Bevor sie zu den westlichen Ausläufern des Berges aufbrachen, um dort nach der geheimen Tür zu suchen, auf die sich alle ihre Hoffnungen richteten, schickte Thorin einen Trupp Späher aus, die das Gelände südlich des Vordertors erkunden sollten. Für diese Aufgabe wählte er Balin, Fili und Kili aus, und mit ihnen ging Bilbo. Unter den stillen grauen Felsen kamen sie bis an den südlichen Fuß des Rabenbergs. Dort kehrte sich der Fluss, nachdem er in weitem Bogen das Tal durchströmt hatte, wo einst die Stadt Thal gestanden hatte, vom Berge fort und floss schnell und mit viel Getöse zum See hin. Das Ufer war kahl und felsig, steil über das Wasser aufragend, das zwischen Felsbrocken schäumte und strudelte; und als sie von dort über den schmalen Fluss hinwegblickten, sahen sie in dem breiten, von den Berggraten überschatteten Tal die grauen Ruinen alter Häuser, Türme und Mauern.

»Da liegt alles, was von Thal noch übrig ist«, sagte Balin. »Die Berghänge waren grün und bewaldet, und das Tal, das in ihrem Schutz lag, war lieblich und fruchtbar in jenen Tagen, als in der Stadt die Glocken läuteten.« Er schaute traurig und zornig zugleich drein bei diesen Worten; er war an dem Tag, als der Drache kam, einer von Thorins Gefährten gewesen.

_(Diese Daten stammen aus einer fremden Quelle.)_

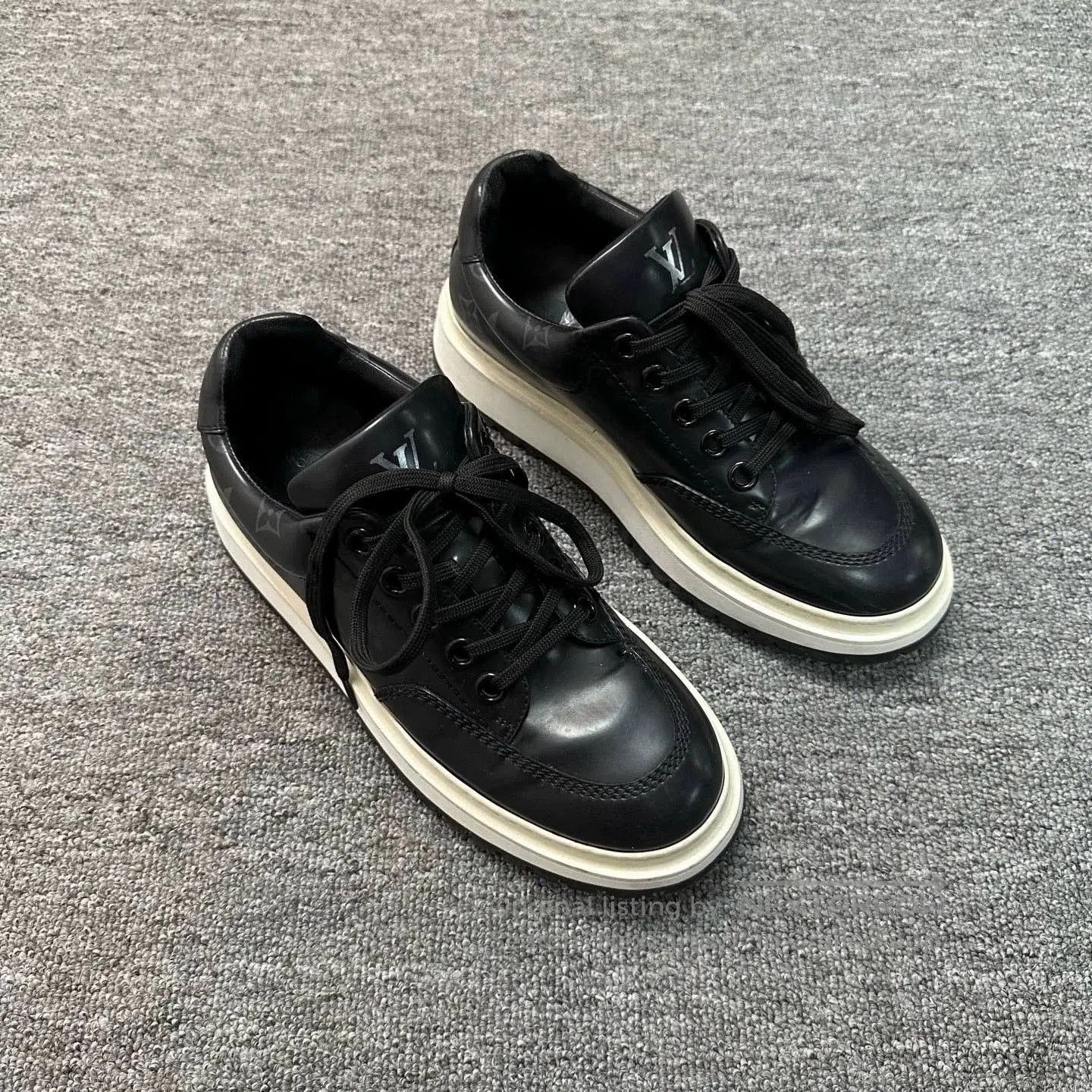 Louis Vuitton louis vuitton black gradient sneakers size 39.5. Size US 8.5 / EU 41-42 - 1 Thumbnail
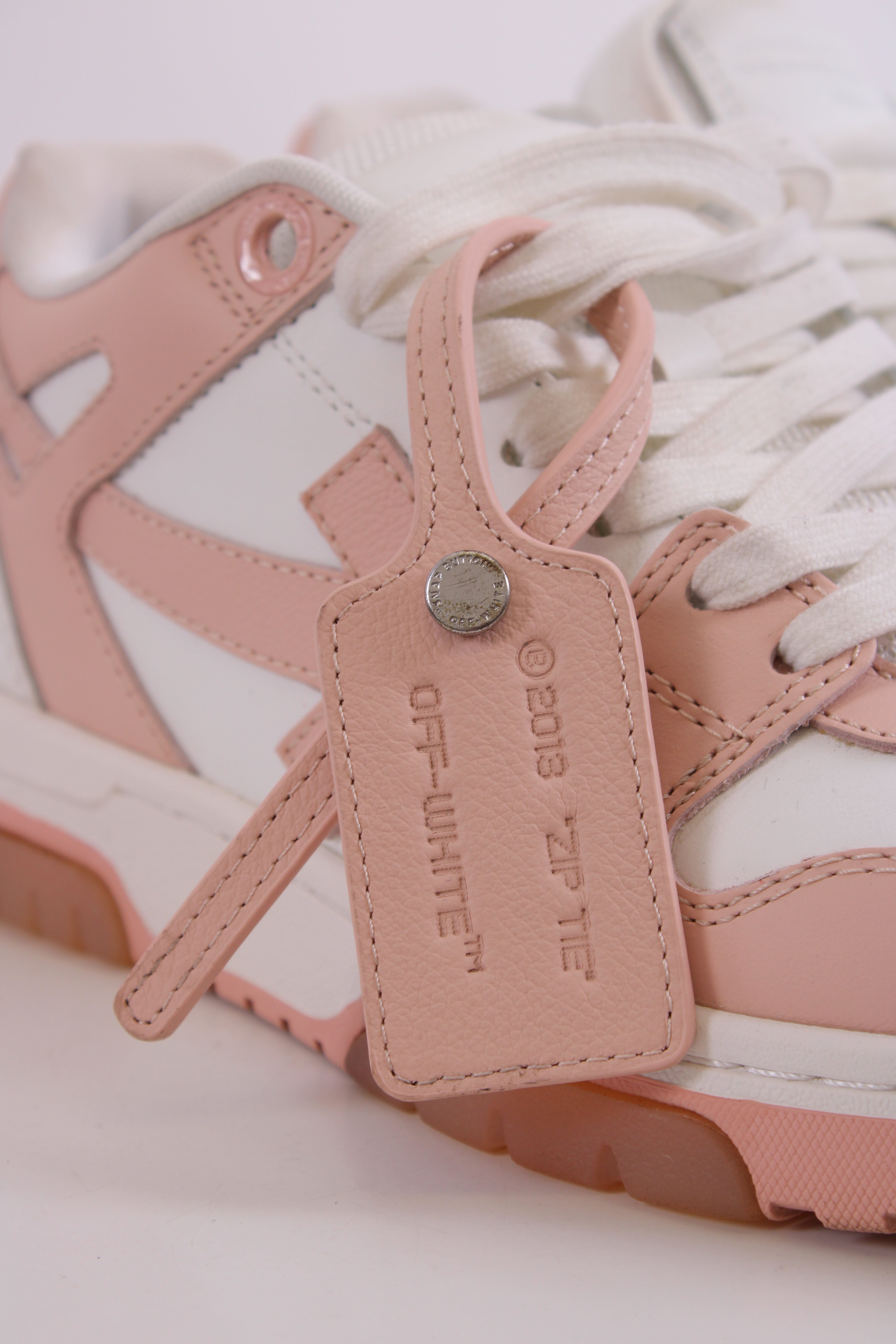 Off White Out Of Office Trainers White/ Peach 37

Sie wagten nicht, sich am Fluss entlang dem Tor weiter zu nähern, gingen aber über das Ende des südlichen Ausläufers hinaus, bis sie, hinter einem Felsen versteckt, die dunkle Höhlenöffnung in einer großen Felswand zwischen den Graten des Berges sehen konnten. Daraus sprangen die Wasser des Eilend hervor, und von dort stieg auch eine Wolke von Dunst und blauem Rauch auf. Nichts bewegte sich in der Einöde, außer der Dunstwolke, dem Wasser und hin und wieder einer schwarzen, verdächtigen Krähe. Die einzigen Laute waren das Geräusch des über die Steine fließenden Wassers und ab und zu das heisere Krächzen eines Vogels. Balin schauderte es.

»Kehren wir um!«, sagte er. »Hier können wir nichts ausrichten. Und diese schwarzen Vögel gefallen mir gar nicht; sie sehen aus wie Späher des Feindes.«

»Der Drache ist also noch am Leben und liegt in den Hallen unter dem Berg, dem Rauch nach zu urteilen«, sagte der Hobbit.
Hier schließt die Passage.